▶ **Information supplied**:
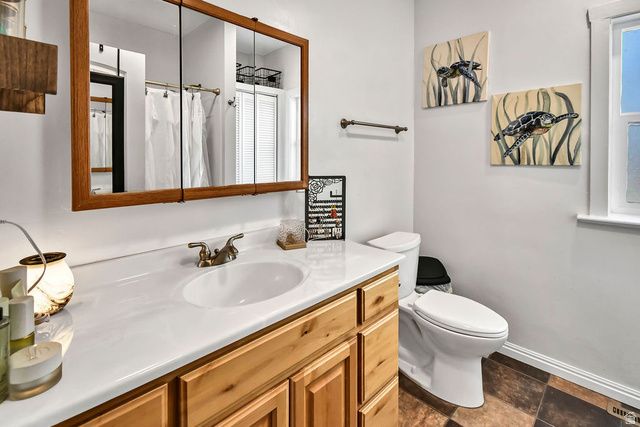 215 N MAIN ST, Glenwood, UT 84730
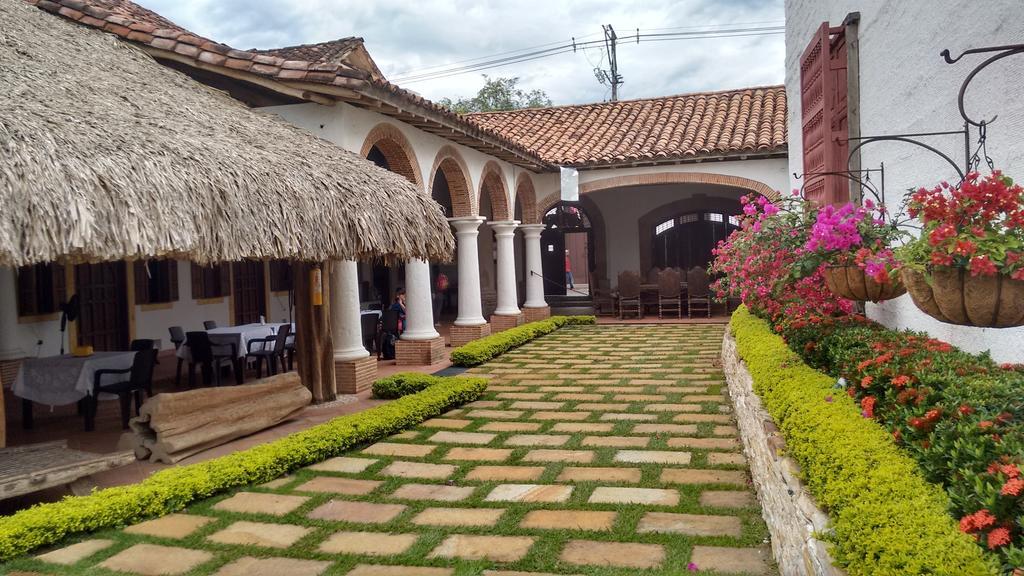 Hotel Santa Barbara Colonial - Santa Fe De Antioquia Phòng bức ảnh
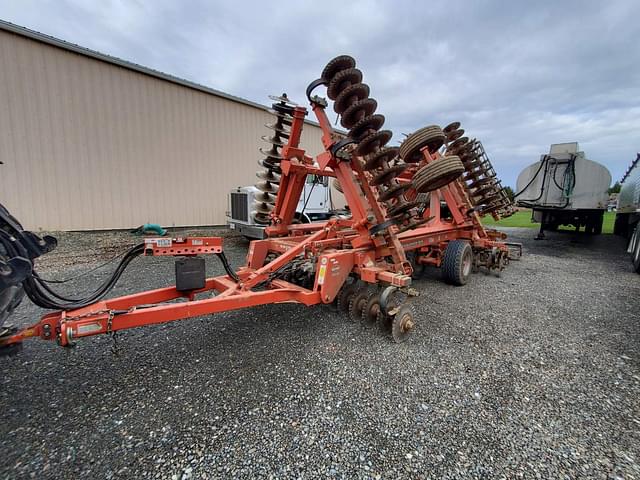 Image of Kuhn Krause Excelerator 8005 equipment image 4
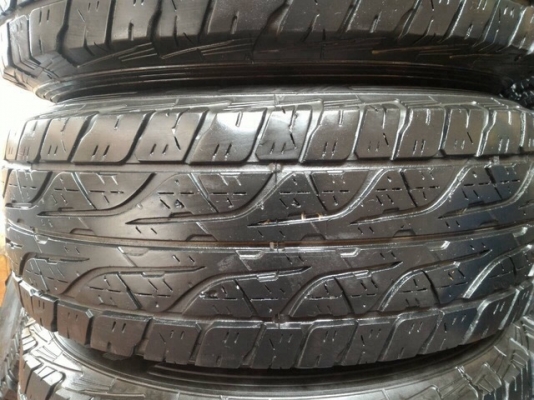 ขายล้อกล้วย  8 x 16  พร้อมยาง  265 x 70 x 16 AT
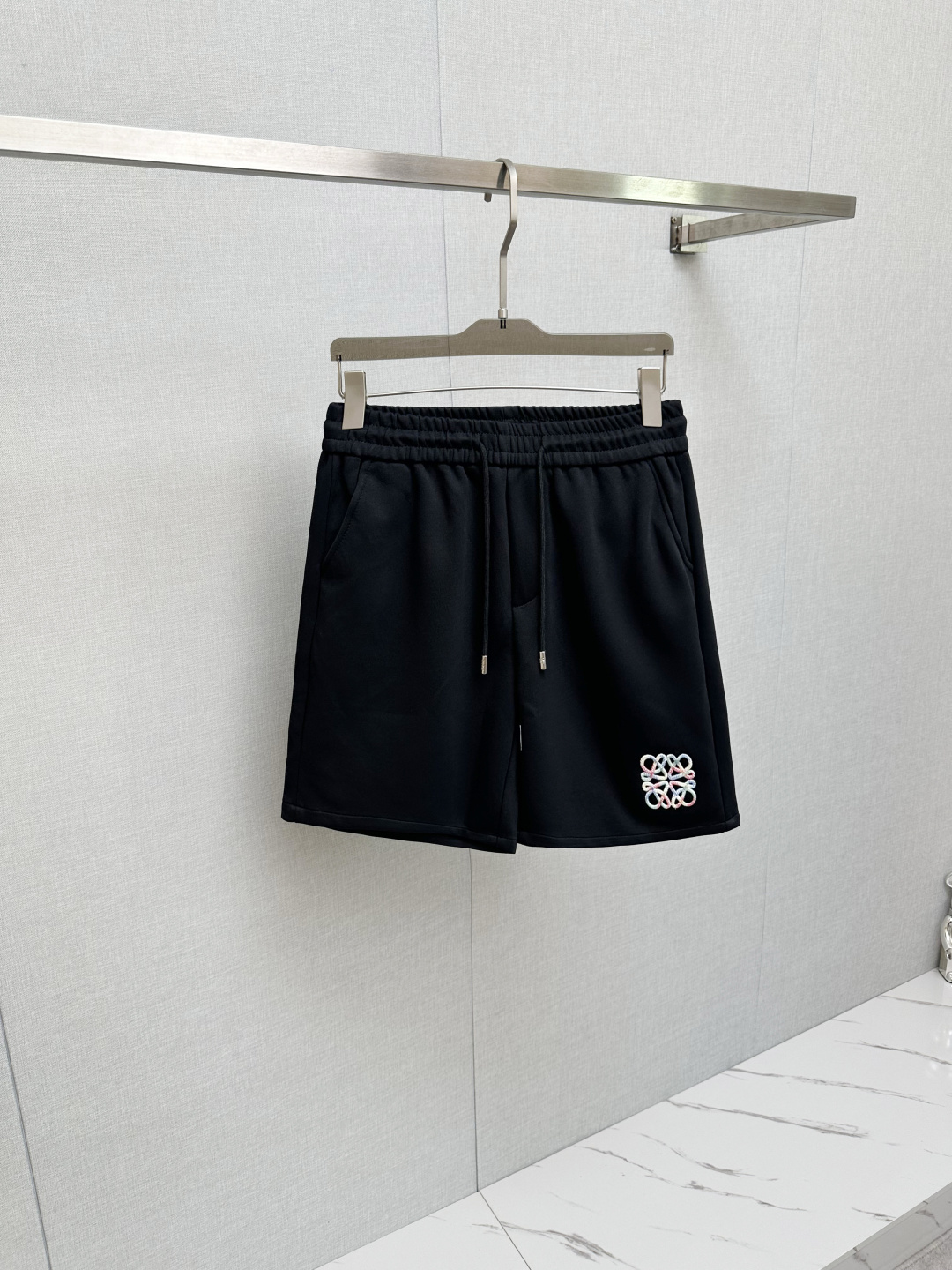 NO:483583,LO EWE 2025 spring and summer new men's casual shorts, a high-end quality choice... A versatile trousers that combine casual pants are also an indispensable matching tool in men's wardrobe. It is a classic style with practical wear!  The design style of the whole casual pants is simple and fashionable, which is very consistent with the low-luxury style setting, has excellent skin-friendly value, is easy to wear, and is full of detail!  Classic logo logo print pattern design!  This trousers are made of high-quality polyester fiber fabric. The fabric is comfortable, soft and delicate, and has a good vertical feeling. It looks very textured and has a high-end charm. The first-class and exquisite style cutting, the line is delicate, smooth and neat, and the casual and casual pants look good no matter how you match it. If you like it, buy it now. Good products are not waiting for anyone!  Size M-2XL, shorts, alexander wang19860909LO EWE 2025春夏新款男士休闲短裤,高端品质之选……一款休闲裤兼备的百搭裤装,也是男士衣橱里不可缺少的搭配神器,属于实穿型的经典款式！整条休闲裤的设计风格简洁时尚,非常符合低奢的风格设定,亲肤值优越,穿着方便,细节感十足！经典标识logo印花图案设计！此款裤装采用优质聚酯纤维面料打造而成,面料舒服,手感柔软细腻,有着很好的垂直感,看上去非常有质感,细品高级韵味十足.一流精湛的版型裁剪,走线细致平顺工整,休闲随意怎么搭配都好看的裤装,喜欢的赶紧入手吧,好货可不等人！尺码M-2XL,,shorts,alexander wang,Men's clothing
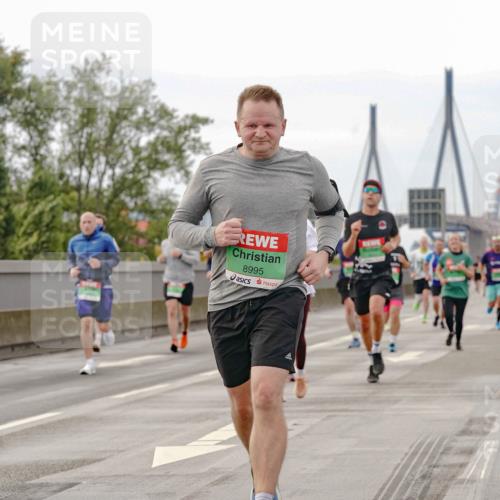 03.10.2025 - Köhlbrandbrückenlauf Michael Burmester http://msf.ph/oto/9160217 03.10.2025 15:51:16 Position 3 8995 meine-sportfotos.de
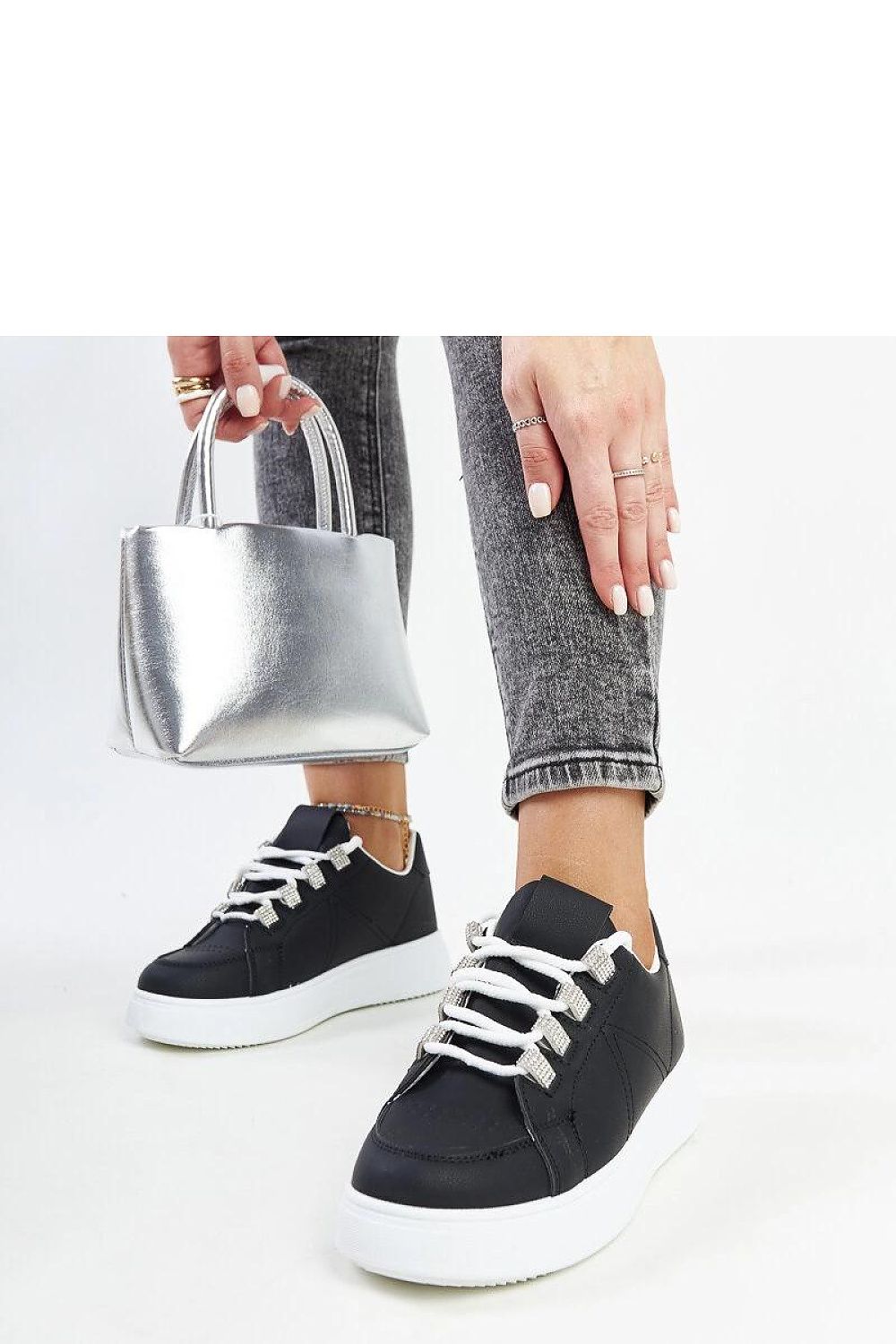   Czarne sneakersy na grubej podeszwie Walida - Solea 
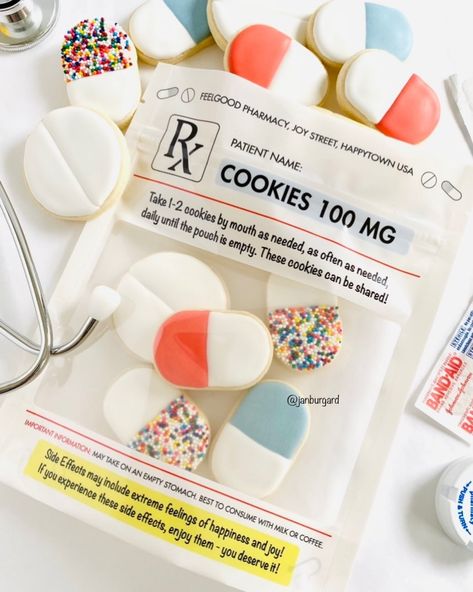 Pharmd Graduation Party, Doctor Cookies, Emergency Nurses Week, Pharmd Graduation, Health Cookies, Pharmacy Art, Doctor Party, Nurse Cookies, Graduate Party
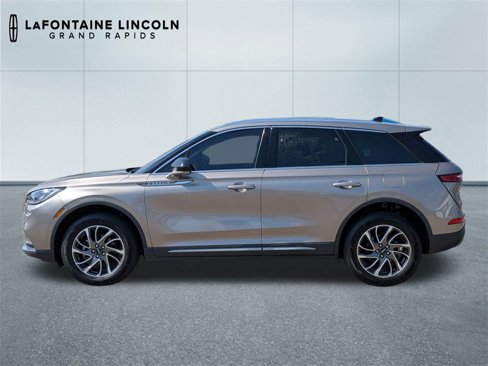 Used 2020 Lincoln Corsair AWD w/ Equipment Group 101A image 2
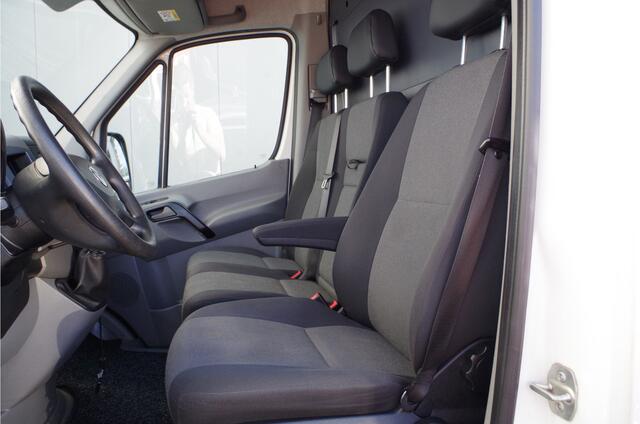Volkswagen CRAFTER 35 2.0 TDI L2H2 > 140pk/Euro6/camera/cruise/270° deuren/Opstap bumper achter...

▶ **What to do**: Transcribe the lines above exactly, beginning at the one with "Pharmd Graduation Party, Doctor" and ending at the one with "Used 2020 Lincoln". Include both; exclude the pictures.

▶ **Result for this task**:
 Pharmd Graduation Party, Doctor Cookies, Emergency Nurses Week, Pharmd Graduation, Health Cookies, Pharmacy Art, Doctor Party, Nurse Cookies, Graduate Party
 Used 2020 Lincoln Corsair AWD w/ Equipment Group 101A image 2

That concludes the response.